OREANDA-NEWS. May 30, 2017. President Donald Trump is seeking to sell off half of the US Strategic Petroleum Reserve (SPR) and open up a wildlife refuge in Alaska to oil and gas leasing, according to his budget request for fiscal 2018.

Those changes make up part of a budget request, set for release today, that seeks $54bn in spending cuts across the non-defense portion of the federal government. The US Environmental Protection Agency would face a 31pc budget cut. The US Interior Department, which regulates energy production on federal land, would lose 11pc of its budget, while the US State Department's budget would fall by 29pc.

The White House did not respond for comment about why it wants to reduce the size of the SPR, which consists of four sites in Texas and Louisiana. But it would continue a trend of the US Congress tapping the reserve as a source of funding for transportation, health research and deficit reduction. Budget documents anticipate selling off half the reserve would generate about $16.6bn over the next decade.

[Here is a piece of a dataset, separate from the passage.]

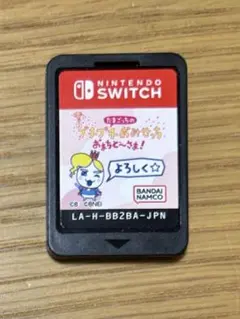 たまごっち　プチプチおみせっち Switch ソフト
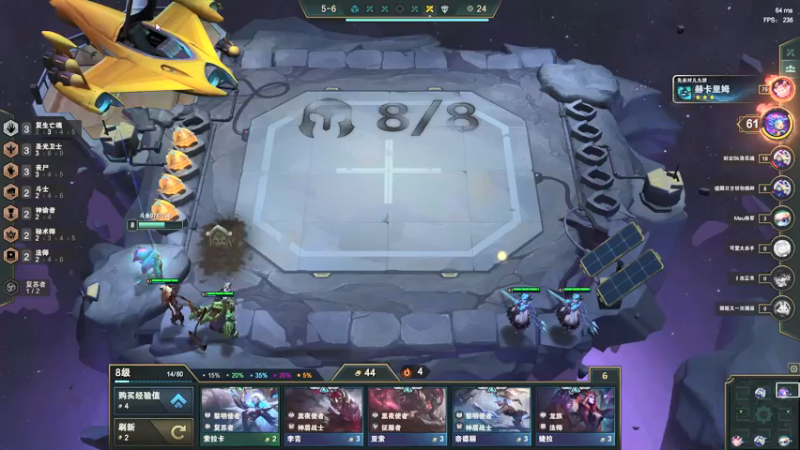 League of Legends (TM) Client 2021-10-17 22-24-34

The SPR has a design capacity of 713.5mn bl and presently holds 687.7bl. The US Congress since 2015 has authorized the sale of 155mn bl of crude from the reserve over the next eight years. Cutting the SPR's design capacity in half would require selling a further 183mn bl of crude, although doing so could run the risk of violating International Energy Agency requirements to hold in reserve 90 days of net petroleum imports.

The budget also proposes holding oil and gas lease sales, starting in 2022, for the Arctic National Wildlife Refuge in northern Alaska. Republicans have been trying to open part of the refuge to drilling for decades. The US Geological Survey estimates that "Section 1002" of the reserve and adjacent lands may hold 10.4bn bl of oil and 8.6 Tcf (244bn m3) of natural gas. The budget projects these lease sales would raise $1.8bn by 2027.

The budget also proposes to repeal royalty payments to states in the Gulf of Mexico Energy Security Act, a 2006 law that set new royalty-sharing requirements relating to oil and gas production in the US Gulf of Mexico. The White House did not elaborate on this change but estimates it would save $3.5bn over the next decade.